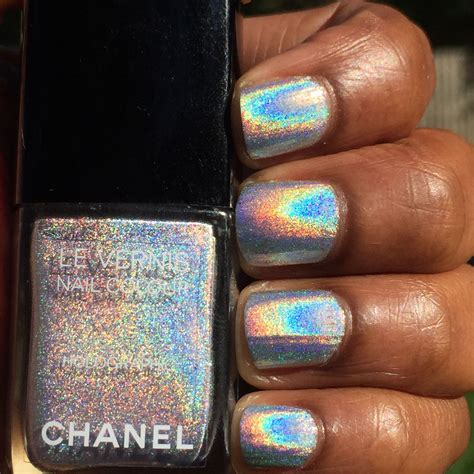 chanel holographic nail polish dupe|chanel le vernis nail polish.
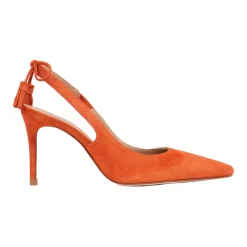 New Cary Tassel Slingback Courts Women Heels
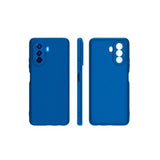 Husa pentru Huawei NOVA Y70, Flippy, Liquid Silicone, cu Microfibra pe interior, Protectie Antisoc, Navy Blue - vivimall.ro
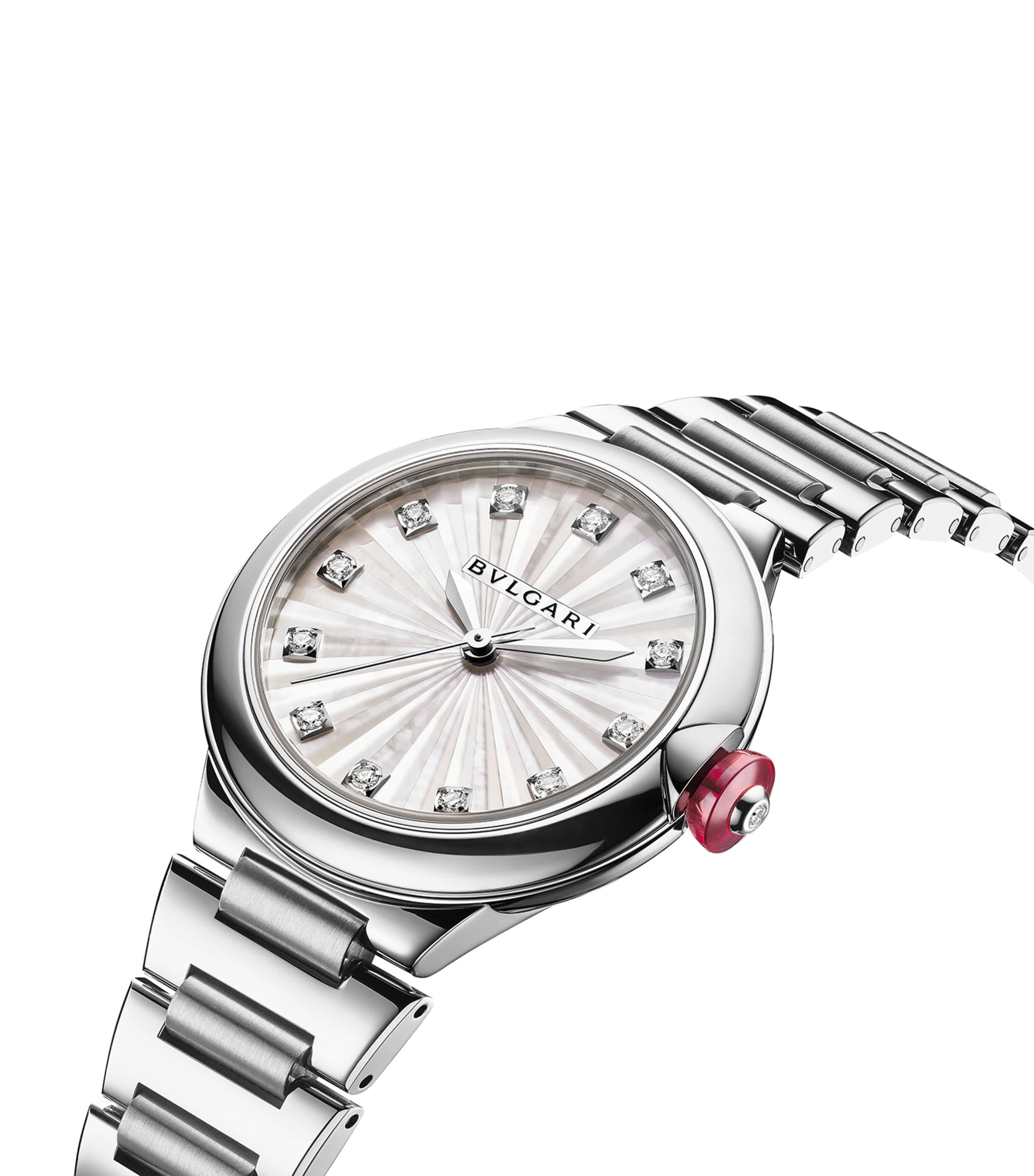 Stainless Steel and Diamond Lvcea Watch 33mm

==

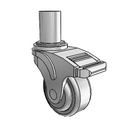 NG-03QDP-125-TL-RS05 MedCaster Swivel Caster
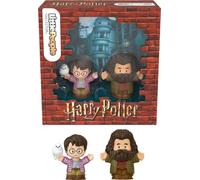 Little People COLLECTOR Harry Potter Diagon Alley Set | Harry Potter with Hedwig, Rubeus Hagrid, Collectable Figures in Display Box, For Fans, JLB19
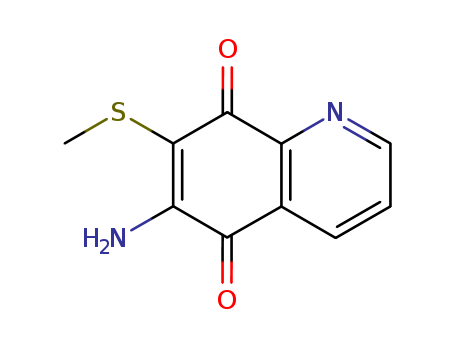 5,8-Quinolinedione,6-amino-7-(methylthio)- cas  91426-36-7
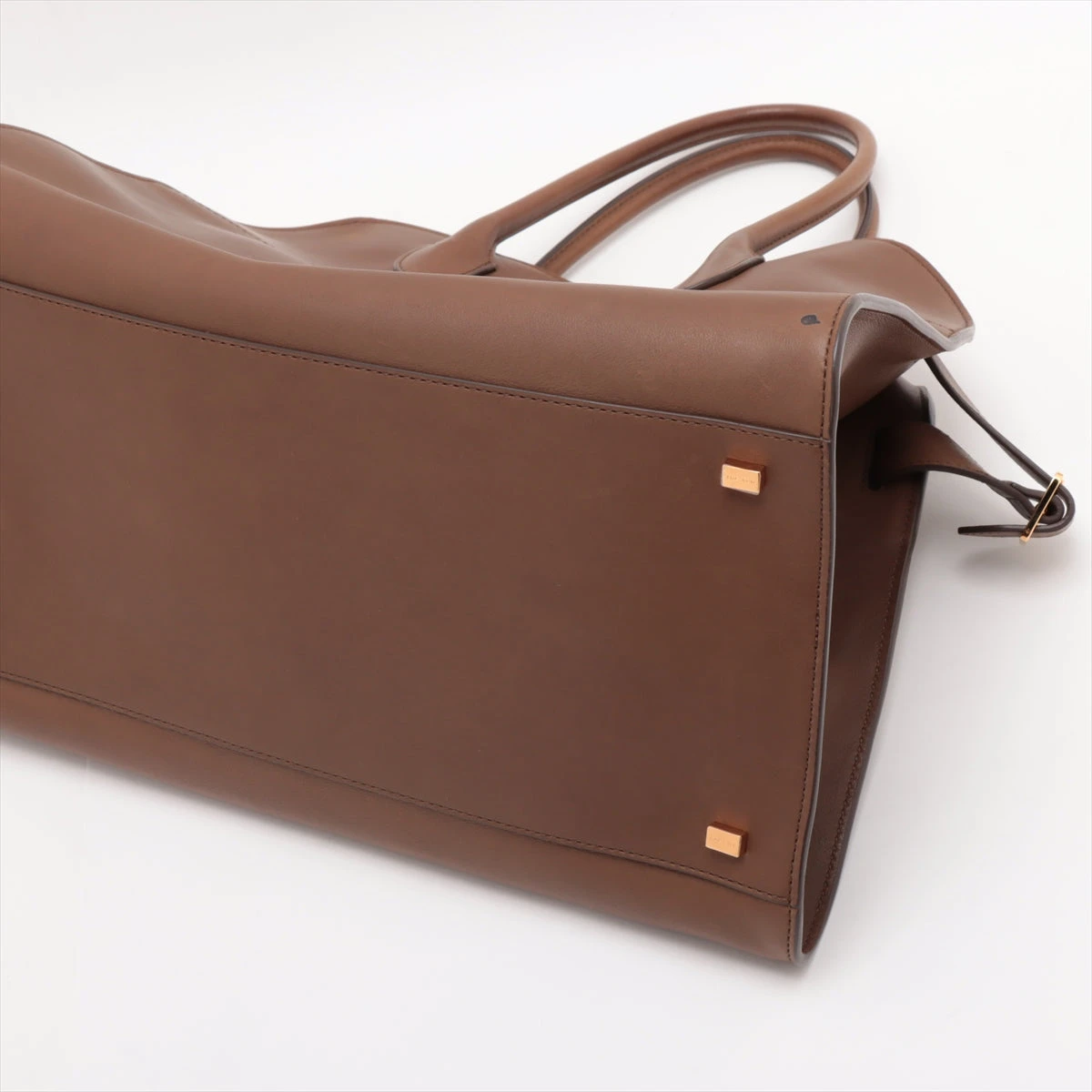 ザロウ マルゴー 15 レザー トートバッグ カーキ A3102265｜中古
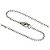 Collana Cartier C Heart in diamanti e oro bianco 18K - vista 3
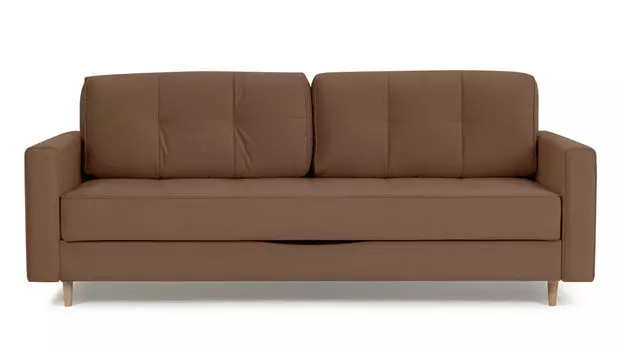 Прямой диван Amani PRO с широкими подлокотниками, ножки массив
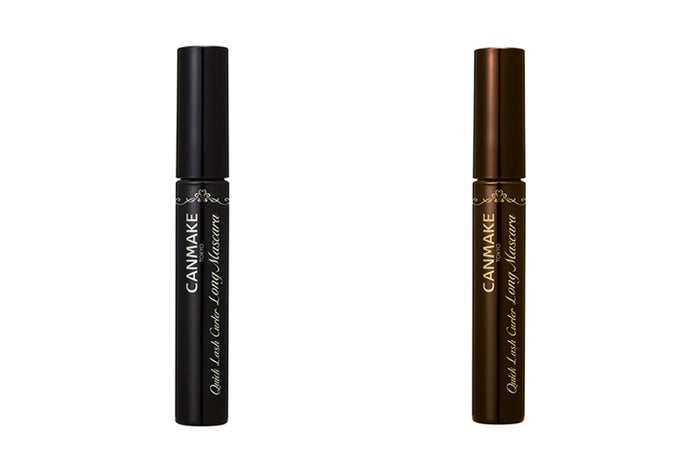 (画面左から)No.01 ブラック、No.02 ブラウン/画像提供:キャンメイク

---

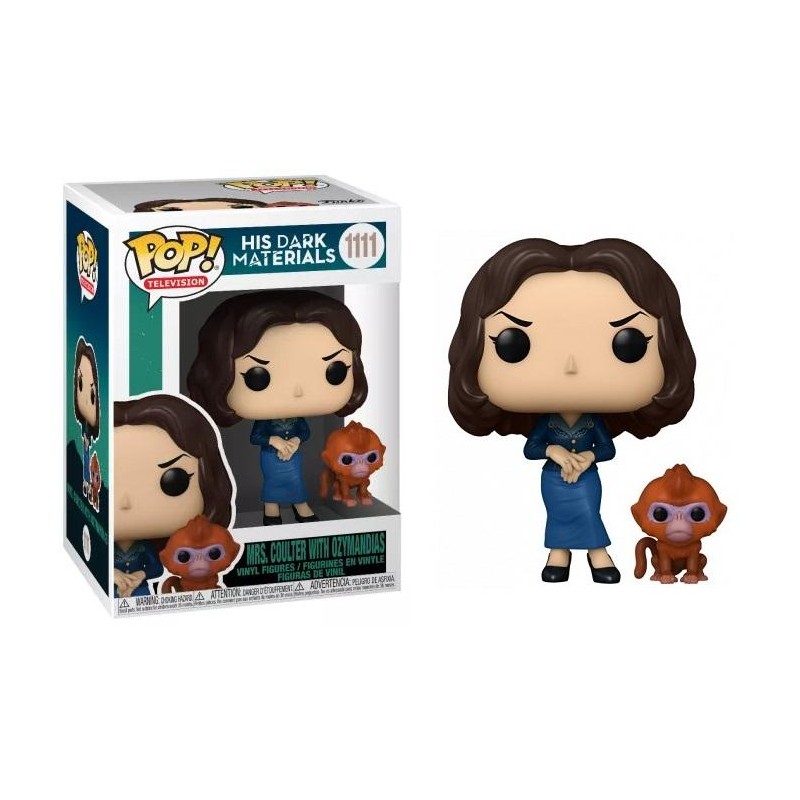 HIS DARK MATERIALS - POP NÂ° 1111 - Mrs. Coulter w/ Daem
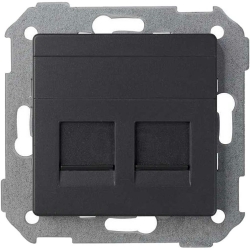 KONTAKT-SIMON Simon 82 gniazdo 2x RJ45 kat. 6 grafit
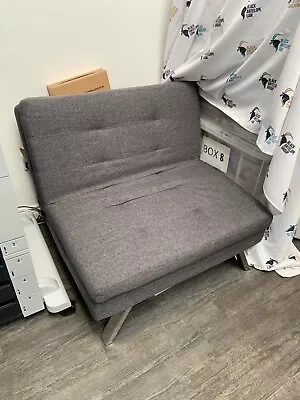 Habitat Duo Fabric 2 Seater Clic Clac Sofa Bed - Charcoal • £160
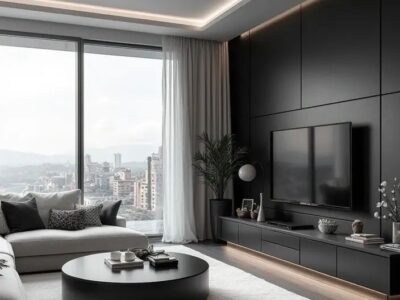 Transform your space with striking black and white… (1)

• **TASK TO COMPLETE**: Reproduce word for word, with pictures dropped, only the part of the material above that opens with the line containing "ザロウ マルゴー 15 レザー トートバッグ カーキ A3102265｜中古" and closes with the line containing "(画面左から)No.01 ブラック、No.02 ブラウン/画像提供:キャンメイク".

• **RESULT OF THE EXERCISE**:
 ザロウ マルゴー 15 レザー トートバッグ カーキ A3102265｜中古
 Collana Cartier C Heart in diamanti e oro bianco 18K - vista 3
 Прямой диван Amani PRO с широкими подлокотниками, ножки массив
 (画面左から)No.01 ブラック、No.02 ブラウン/画像提供:キャンメイク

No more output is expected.